WHAT TO PRODUCE
What you return should be only the lines in the entries below between the one holding "Klasemen Club Brugge" and the one holding "Tilburg University: Rights", ends included, with every picture left out.
[SOURCE DATA]
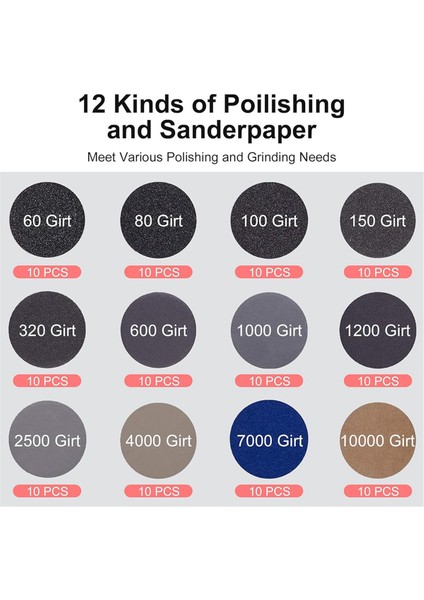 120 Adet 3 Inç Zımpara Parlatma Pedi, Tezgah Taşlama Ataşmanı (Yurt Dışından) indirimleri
[/SOURCE DATA]
[SOURCE DATA]
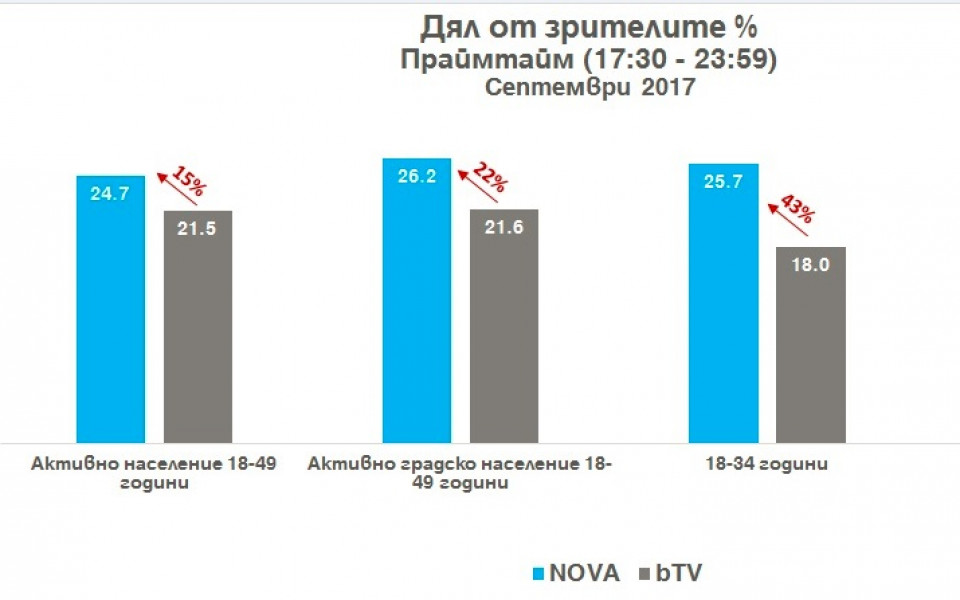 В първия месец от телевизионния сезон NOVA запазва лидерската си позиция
[/SOURCE DATA]
[SOURCE DATA]
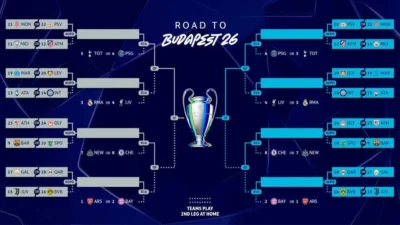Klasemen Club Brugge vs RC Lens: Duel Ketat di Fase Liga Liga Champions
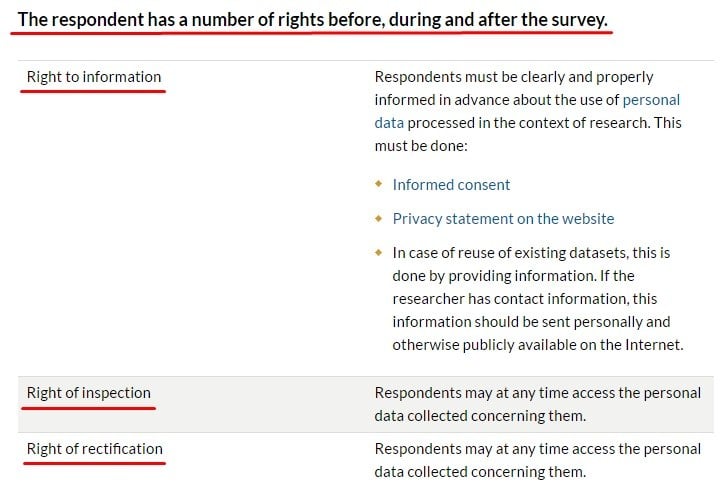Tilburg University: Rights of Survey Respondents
[/SOURCE DATA]
WRITTEN SOLUTION
Klasemen Club Brugge vs RC Lens: Duel Ketat di Fase Liga Liga Champions
Tilburg University: Rights of Survey Respondents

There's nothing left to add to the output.